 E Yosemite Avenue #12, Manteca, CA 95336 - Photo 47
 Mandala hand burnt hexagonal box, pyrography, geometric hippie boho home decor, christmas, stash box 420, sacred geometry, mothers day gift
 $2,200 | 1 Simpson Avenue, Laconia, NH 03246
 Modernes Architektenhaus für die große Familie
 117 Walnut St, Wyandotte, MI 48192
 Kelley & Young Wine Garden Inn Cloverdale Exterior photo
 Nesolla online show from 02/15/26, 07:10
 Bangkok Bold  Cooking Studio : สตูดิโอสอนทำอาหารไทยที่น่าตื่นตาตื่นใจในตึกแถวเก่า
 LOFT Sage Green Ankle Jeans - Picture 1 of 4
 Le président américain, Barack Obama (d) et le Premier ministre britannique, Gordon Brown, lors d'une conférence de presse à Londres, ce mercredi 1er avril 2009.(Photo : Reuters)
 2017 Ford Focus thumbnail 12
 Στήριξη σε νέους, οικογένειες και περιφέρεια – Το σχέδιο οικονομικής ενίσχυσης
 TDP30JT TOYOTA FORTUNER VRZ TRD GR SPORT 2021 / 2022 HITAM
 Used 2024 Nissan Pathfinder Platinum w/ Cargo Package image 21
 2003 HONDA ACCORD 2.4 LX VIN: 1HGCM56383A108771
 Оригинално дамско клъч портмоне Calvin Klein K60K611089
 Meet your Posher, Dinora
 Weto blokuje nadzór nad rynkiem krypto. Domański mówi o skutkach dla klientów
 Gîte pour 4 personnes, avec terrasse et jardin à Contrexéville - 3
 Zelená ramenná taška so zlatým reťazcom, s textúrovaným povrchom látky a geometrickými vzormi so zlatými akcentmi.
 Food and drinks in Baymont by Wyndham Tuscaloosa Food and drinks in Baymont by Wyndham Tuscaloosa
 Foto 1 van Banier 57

——

### Exercise prompt
When the line containing "117 Walnut St, Wyandotte, MI 48192" is reached, include it and stop. Until then, output each line of the entries exactly as given, starting from the first.

### Task output
 E Yosemite Avenue #12, Manteca, CA 95336 - Photo 47
 Mandala hand burnt hexagonal box, pyrography, geometric hippie boho home decor, christmas, stash box 420, sacred geometry, mothers day gift
 $2,200 | 1 Simpson Avenue, Laconia, NH 03246
 Modernes Architektenhaus für die große Familie
 117 Walnut St, Wyandotte, MI 48192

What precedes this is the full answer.